**Assignment**
In the entries that follow, the line with "Genf 2014: Mercedes-Benz S-Klasse Coupé" opens the range and the line with "パラソル 240CM 収納袋 モダン おしゃれ...の詳細画像5" closes it; repeat that range exactly, both lines included.
*** Source data ***
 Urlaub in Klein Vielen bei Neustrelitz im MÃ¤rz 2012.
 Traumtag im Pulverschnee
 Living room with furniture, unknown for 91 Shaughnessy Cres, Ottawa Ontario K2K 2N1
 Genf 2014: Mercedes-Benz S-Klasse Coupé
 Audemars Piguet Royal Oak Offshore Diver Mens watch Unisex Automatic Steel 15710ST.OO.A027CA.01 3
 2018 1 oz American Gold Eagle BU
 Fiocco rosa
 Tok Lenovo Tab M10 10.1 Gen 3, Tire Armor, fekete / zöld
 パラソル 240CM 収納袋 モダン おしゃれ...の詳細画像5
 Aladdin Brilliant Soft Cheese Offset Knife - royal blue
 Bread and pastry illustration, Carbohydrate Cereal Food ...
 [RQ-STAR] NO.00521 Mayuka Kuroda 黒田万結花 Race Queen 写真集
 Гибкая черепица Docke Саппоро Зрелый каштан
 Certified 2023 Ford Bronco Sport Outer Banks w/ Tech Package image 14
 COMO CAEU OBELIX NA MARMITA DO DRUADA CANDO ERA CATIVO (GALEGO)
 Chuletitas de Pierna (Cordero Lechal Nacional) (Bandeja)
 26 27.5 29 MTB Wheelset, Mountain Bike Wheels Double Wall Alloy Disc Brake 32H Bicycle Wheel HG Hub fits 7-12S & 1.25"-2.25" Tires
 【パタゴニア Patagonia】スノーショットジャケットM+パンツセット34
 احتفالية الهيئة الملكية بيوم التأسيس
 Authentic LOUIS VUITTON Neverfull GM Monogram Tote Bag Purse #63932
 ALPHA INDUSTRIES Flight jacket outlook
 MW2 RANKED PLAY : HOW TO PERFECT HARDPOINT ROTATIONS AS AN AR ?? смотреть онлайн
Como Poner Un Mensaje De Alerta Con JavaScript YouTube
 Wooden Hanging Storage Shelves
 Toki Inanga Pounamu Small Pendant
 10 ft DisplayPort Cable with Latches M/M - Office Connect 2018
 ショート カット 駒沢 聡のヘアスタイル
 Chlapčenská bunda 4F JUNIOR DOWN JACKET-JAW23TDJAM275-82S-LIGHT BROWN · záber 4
*** End of Source data ***
**Solution to this task**
 Genf 2014: Mercedes-Benz S-Klasse Coupé
 Audemars Piguet Royal Oak Offshore Diver Mens watch Unisex Automatic Steel 15710ST.OO.A027CA.01 3
 2018 1 oz American Gold Eagle BU
 Fiocco rosa
 Tok Lenovo Tab M10 10.1 Gen 3, Tire Armor, fekete / zöld
 パラソル 240CM 収納袋 モダン おしゃれ...の詳細画像5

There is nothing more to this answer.